The graveness of the injuries he suffered in his 2011 crash on the Ronda di Andora rally made a return to racing at the top flight unthinkable for a long time.

Kubica’s path back to an F1 cockpit has taken him through rallying, GT racing and back into single-seaters. Finally, six and a half years on from his last F1 test, Kubica completed more than two race distances in a single day at the wheel of a current-specification Renault RS17.

“After this test, we will carefully analyse the collected information to determine in what conditions it would be possible for Robert to return to competition in the upcoming years,” said Renault’s Cyril Abiteboul before Kubica took to the track. And the motor sport world waits to see if the incredible is going to happen.

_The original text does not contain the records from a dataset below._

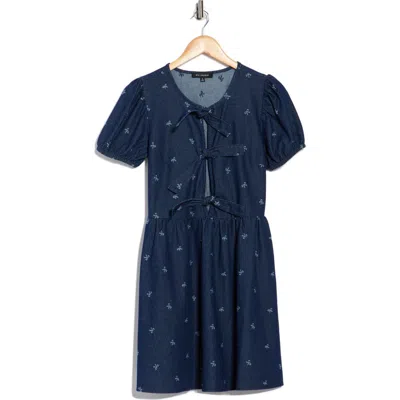 Blu Pepper Bow Print Minidress In Blue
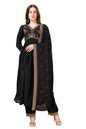 Pratham Blue WomenS Silk Embroidered Anarkali Kurta Palazzos With Dupatta |Kurta Sets For Women |Women Kurta |Women Embroidered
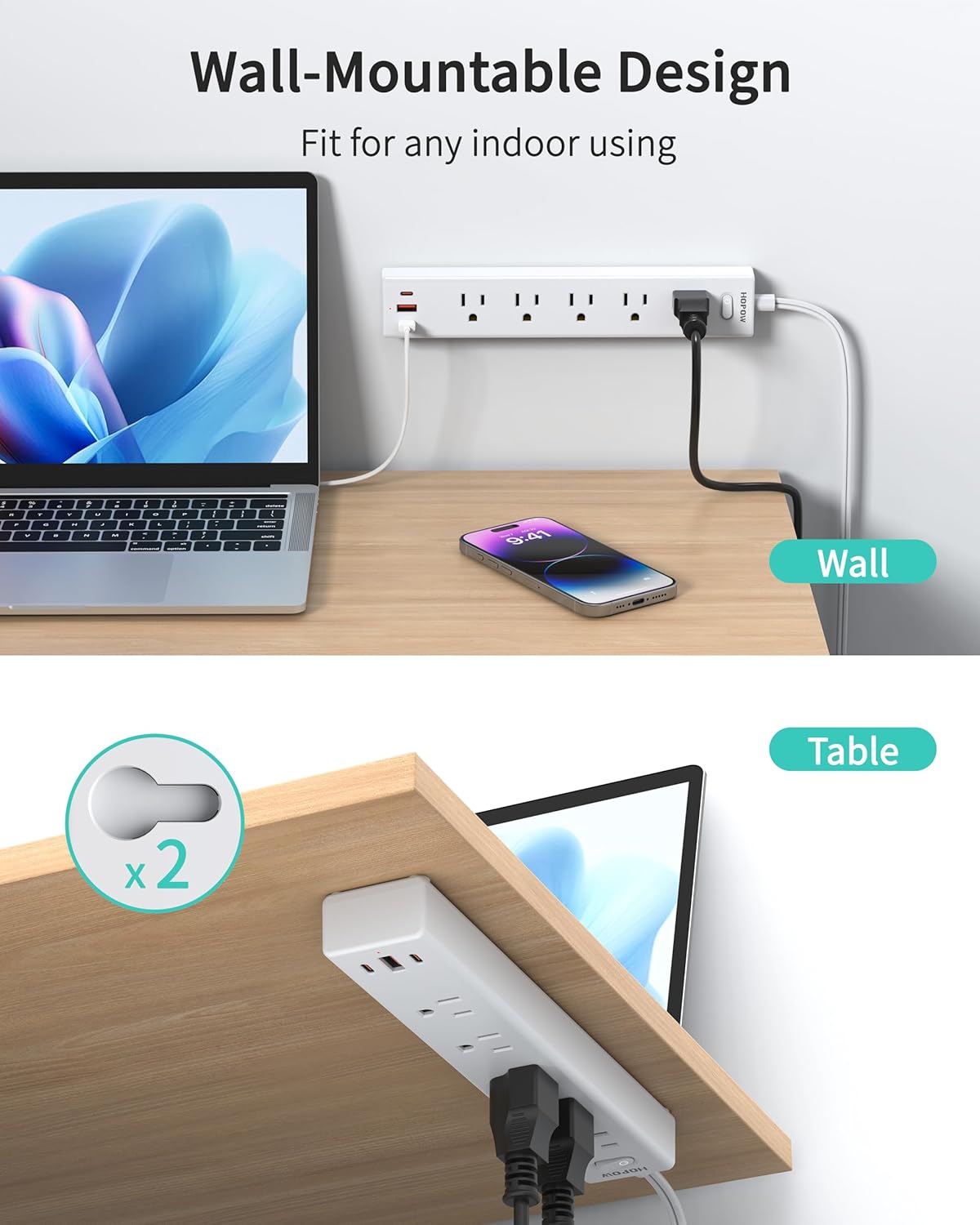 HOPOW 2 Prong Power Strip, 2 to 3 Prong Outlet Adapter with 1700J Surge Protection, 6ft Two Prong Extension Cord, 5 AC Outlets & 3 USB(5V 3.4A Max), Wall Mount for Non-Grounded Outlet, White 8 81SuBntGP L. AC SL1500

The affection for Kubica among his rivals, the F1 community and the fans – thousands of which sat at a baking hot Hungaroring to watch his return – is obvious. But it’s equally clear that with a gruelling 21 races scheduled on the 2018 F1 calendar, there is a clear downside to putting him back in a grand prix car if he isn’t ready.

Can he still drive competitively? Can he still drive as well as he did at his peak? Could he be an even better driver – a possibility Kubica has hinted at.

If the answer to any of those questions is yes, then Renault represents an excellent opportunity for Kubica to make it happen. The team’s second driver Jolyon Palmer has endured a dreadful second season so far. Nico Hulkenberg has out-qualified him at every race, usually by more than seven-tenths of a second, and has scored all of the team’s points.

Abiteboul has insisted Palmer will still be in the car in the next race at Spa. But if Kubica is considered a viable option for 2018, the temptation to get him in the car before the end of the season will be strong, even if it means buying Palmer out of his contract.

Without knowing what Renault made of Kubica’s test it’s impossible to judge how realistic a comeback is. The fact he got to drive one of the team’s very few 2017 car test days is a persuasive sign that he’s a serious contender.

If not Kubica, then who?

Kubica replaced Alonso at Renault at the end of 2009
A return may yet prove impossible, however. Alternatively, a comeback-ready Kubica would be of interest to more than just Renault. All the other teams had the ability to monitor his progress at the Hungaroring and could come knocking if they believe he’s up to a comeback. If Ferrari are looking for a replacement for Kimi Raikkonen who’s already a proven race-winner, Kubica could be just the ticket.

Renault have a long list of potential alternatives to Kubica and would be an attractive move for almost any midfield driver. They have manufacturer backing and have made the most progress of any team so far this year.

Unsurprisingly Fernando Alonso’s management team has been in touch about a potential return. This could leave Renault with a very tough choice between the fiercely competitive two-times champion and a driver of Kubica’s ability.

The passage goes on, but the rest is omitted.